Problem Discription In recent years, the credit card issuers in Taiwan faced the cash and credit card debt crisis and the delinquency is expected to peak in the third quarter of 2006 (Chou,2006). In order to increase market share, card-issuing banks in Taiwan over-issued cash and credit cards to unqualified applicants. At the same time, most cardholders, irrespective of their repayment ability, overused credit card for consumption and accumulated heavy credit and cash–card debts. The crisis caused the blow to consumer finance confidence and it is a big challenge for both banks and cardholders.
Dataset We used the [Credit Card Default payment in Taiwan] (https://archive.ics.uci.edu/ml/datasets/default+of+credit+card+clients) to predict whether the credit card holders are defaulters or Non-defaulters. The Dataset and its attributes are described below
FEATURES ANALYSIS:
ID: ID of each client
LIMIT_BAL: Amount of given credit in NT dollars (includes individual and family/supplementary credit
SEX: Gender (1=male, 2=female)
EDUCATION: (1=graduate school, 2=university, 3=high school, 4=others, 5=unknown, 6=unknown)
MARRIAGE: Marital status (1=married, 2=single, 3=others)
AGE: Age in years
PAY_0: Repayment status in September, 2005 (-1=pay duly, 1=payment delay for one month, 2=payment delay for two months,8=payment delay for eight months, 9=payment delay for nine months and above)
PAY_2: Repayment status in August, 2005 (scale same as above)
PAY_3: Repayment status in July, 2005 (scale same as above)
PAY_4: Repayment status in June, 2005 (scale same as above)
PAY_5: Repayment status in May, 2005 (scale same as above)
PAY_6: Repayment status in April, 2005 (scale same as above)
BILL_AMT1: Amount of bill statement in September, 2005 (NT dollar)

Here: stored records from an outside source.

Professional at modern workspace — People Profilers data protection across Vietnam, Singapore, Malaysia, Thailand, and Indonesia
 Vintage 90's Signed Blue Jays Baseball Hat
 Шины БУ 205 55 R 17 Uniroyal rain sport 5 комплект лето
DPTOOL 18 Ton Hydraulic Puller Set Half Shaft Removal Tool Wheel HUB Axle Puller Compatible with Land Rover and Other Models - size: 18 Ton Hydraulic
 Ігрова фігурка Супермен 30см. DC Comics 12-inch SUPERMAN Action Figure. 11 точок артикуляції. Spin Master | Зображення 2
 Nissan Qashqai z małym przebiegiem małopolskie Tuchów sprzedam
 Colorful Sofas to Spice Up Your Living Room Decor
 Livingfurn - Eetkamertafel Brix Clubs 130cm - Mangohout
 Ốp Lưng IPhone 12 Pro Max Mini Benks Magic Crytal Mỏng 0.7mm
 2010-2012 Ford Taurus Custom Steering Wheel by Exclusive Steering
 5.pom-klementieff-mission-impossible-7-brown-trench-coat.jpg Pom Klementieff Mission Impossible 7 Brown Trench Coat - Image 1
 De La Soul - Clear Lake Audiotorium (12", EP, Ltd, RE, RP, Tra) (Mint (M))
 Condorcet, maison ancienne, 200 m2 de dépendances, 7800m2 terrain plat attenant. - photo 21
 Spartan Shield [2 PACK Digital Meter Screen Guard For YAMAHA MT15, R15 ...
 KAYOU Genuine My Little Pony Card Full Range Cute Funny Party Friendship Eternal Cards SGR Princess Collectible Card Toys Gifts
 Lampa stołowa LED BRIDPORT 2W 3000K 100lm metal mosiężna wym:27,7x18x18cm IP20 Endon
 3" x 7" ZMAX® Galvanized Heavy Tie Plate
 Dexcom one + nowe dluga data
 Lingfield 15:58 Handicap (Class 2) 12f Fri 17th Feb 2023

BILL_AMT2: Amount of bill statement in August, 2005 (NT dollar)
BILL_AMT3: Amount of bill statement in July, 2005 (NT dollar)
BILL_AMT4: Amount of bill statement in June, 2005 (NT dollar)
BILL_AMT5: Amount of bill statement in May, 2005 (NT dollar)
BILL_AMT6: Amount of bill statement in April, 2005 (NT dollar)
PAY_AMT1: Amount of previous payment in September, 2005 (NT dollar)
PAY_AMT2: Amount of previous payment in August, 2005 (NT dollar)
PAY_AMT3: Amount of previous payment in July, 2005 (NT dollar)
PAY_AMT4: Amount of previous payment in June, 2005 (NT dollar)
PAY_AMT5: Amount of previous payment in May, 2005 (NT dollar)
PAY_AMT6: Amount of previous payment in April, 2005 (NT dollar)
default.payment.next.month: Default payment (1=yes, 0=no)
Steps involved :
The following steps are involved in the project
Exploratory Data Analysis :
After loading and reading the dataset in a notebook, we performed exploratory data analysis. The purpose of exploratory data analysis is to identify the variables that impact payment default next month and the correlations between them. We use graphical data exploratory analysis to check every categorical variable. We plot the graph and visualize the data.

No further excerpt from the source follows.